I was hosting friends from Lyons, reputed to be the culinary capital of France, and I found all my latent passive-aggression, not to say sheer bloody minded competitiveness, came to the fore, as I did my utmost not to be outdone by the kings of cuisine.

I found myself getting up early to make full English breakfasts and devising dinner party-style menus even for a wet Monday evening, when normally, I would be reheating Sunday’s leftovers.

Very gratifyingly, our French friends were most appreciative of my efforts, which they said succeeded in demolishing all their prejudices about English food.

Funnily enough, though, what they liked best were the old-fashioned dishes we all ate as children: apple crumble, fruit Pavlova, cheese with grapes at the end of the meal (combining sweet and savoury: how very déclassé) and porridge for brekkie.

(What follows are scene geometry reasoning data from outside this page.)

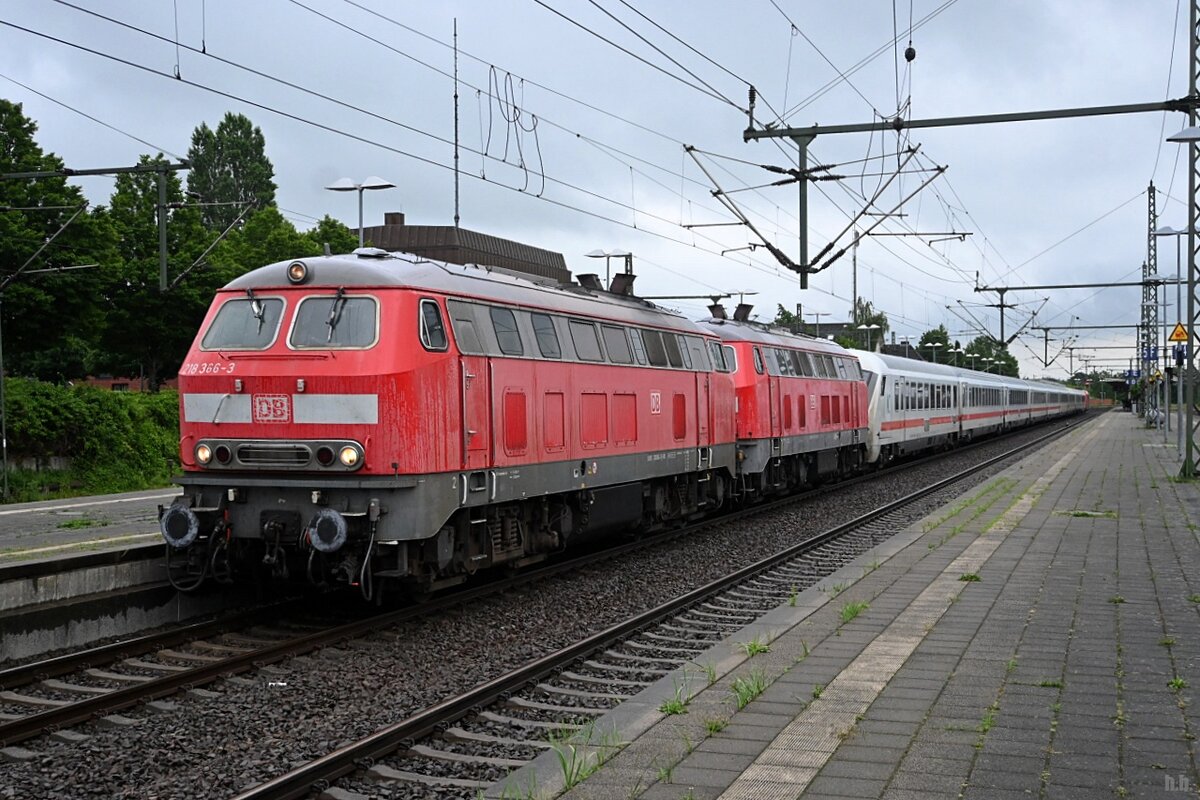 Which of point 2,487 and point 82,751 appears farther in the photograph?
point 2,487

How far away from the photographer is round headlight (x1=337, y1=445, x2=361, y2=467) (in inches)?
425

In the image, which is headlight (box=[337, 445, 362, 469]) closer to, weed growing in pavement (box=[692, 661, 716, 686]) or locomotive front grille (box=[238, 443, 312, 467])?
locomotive front grille (box=[238, 443, 312, 467])

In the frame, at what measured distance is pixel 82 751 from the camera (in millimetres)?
7262

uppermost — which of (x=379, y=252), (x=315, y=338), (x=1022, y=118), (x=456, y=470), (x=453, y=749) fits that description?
(x=1022, y=118)

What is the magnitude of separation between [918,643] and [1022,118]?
450 inches

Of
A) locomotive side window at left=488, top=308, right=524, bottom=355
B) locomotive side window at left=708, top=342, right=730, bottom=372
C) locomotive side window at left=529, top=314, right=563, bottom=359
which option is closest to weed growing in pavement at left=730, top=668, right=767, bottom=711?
locomotive side window at left=488, top=308, right=524, bottom=355

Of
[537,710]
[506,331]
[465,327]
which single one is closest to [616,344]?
[506,331]

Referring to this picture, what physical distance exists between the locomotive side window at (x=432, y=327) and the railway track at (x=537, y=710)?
10.4 ft


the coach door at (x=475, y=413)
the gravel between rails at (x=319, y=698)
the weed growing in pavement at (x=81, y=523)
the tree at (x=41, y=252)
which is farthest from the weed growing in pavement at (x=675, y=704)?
the tree at (x=41, y=252)

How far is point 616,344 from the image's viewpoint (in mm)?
16016

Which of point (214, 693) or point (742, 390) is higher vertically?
point (742, 390)

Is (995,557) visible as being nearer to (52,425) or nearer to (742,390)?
(742,390)

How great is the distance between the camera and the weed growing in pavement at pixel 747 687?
7598 millimetres

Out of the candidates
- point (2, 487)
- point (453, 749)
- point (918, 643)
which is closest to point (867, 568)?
point (918, 643) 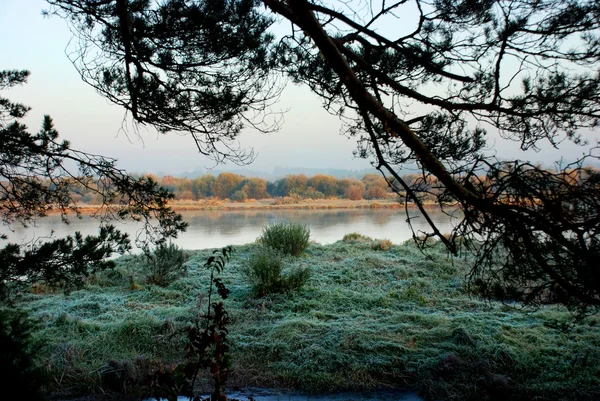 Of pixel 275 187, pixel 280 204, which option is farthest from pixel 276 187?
pixel 280 204

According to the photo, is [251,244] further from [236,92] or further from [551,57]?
[551,57]

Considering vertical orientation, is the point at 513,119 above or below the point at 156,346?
above

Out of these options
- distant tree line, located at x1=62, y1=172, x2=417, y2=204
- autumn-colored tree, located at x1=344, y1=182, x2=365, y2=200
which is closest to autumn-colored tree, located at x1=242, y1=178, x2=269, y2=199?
distant tree line, located at x1=62, y1=172, x2=417, y2=204

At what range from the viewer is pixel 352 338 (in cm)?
357

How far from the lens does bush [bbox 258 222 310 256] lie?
22.7ft

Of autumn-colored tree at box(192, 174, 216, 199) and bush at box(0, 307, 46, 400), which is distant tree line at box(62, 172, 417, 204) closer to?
autumn-colored tree at box(192, 174, 216, 199)

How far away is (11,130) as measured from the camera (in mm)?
2740

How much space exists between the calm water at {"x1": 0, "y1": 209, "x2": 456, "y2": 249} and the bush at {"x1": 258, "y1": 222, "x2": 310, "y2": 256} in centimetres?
61

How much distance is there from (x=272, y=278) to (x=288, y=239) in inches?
78.2

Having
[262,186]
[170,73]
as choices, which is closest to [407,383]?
[170,73]

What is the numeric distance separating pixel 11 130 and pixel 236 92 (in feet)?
4.67

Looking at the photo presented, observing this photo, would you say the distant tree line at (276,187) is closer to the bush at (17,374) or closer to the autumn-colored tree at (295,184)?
the autumn-colored tree at (295,184)

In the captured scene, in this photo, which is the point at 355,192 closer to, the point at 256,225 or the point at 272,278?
the point at 256,225

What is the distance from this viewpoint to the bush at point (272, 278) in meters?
4.92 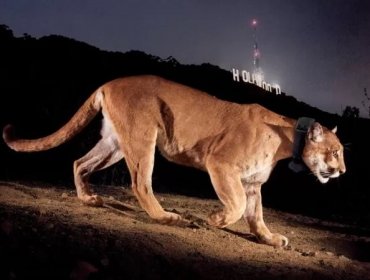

One evening I even served them creamed swede, mashed potatoes and haggis, laced with whisky, naturellement, and they positively raved about it.

But their firm favourite, at least judging by the empty dishes, was toad in the hole with onion gravy and they even asked for the recipe.

Even so, I don’t imagine eateries across the Channel taking up the dish.

Somehow I can’t see my recipe for crispy crapaud dans le trou being served alongside cuisses de grenouilles (frogs’ legs) in restaurants in France, can you?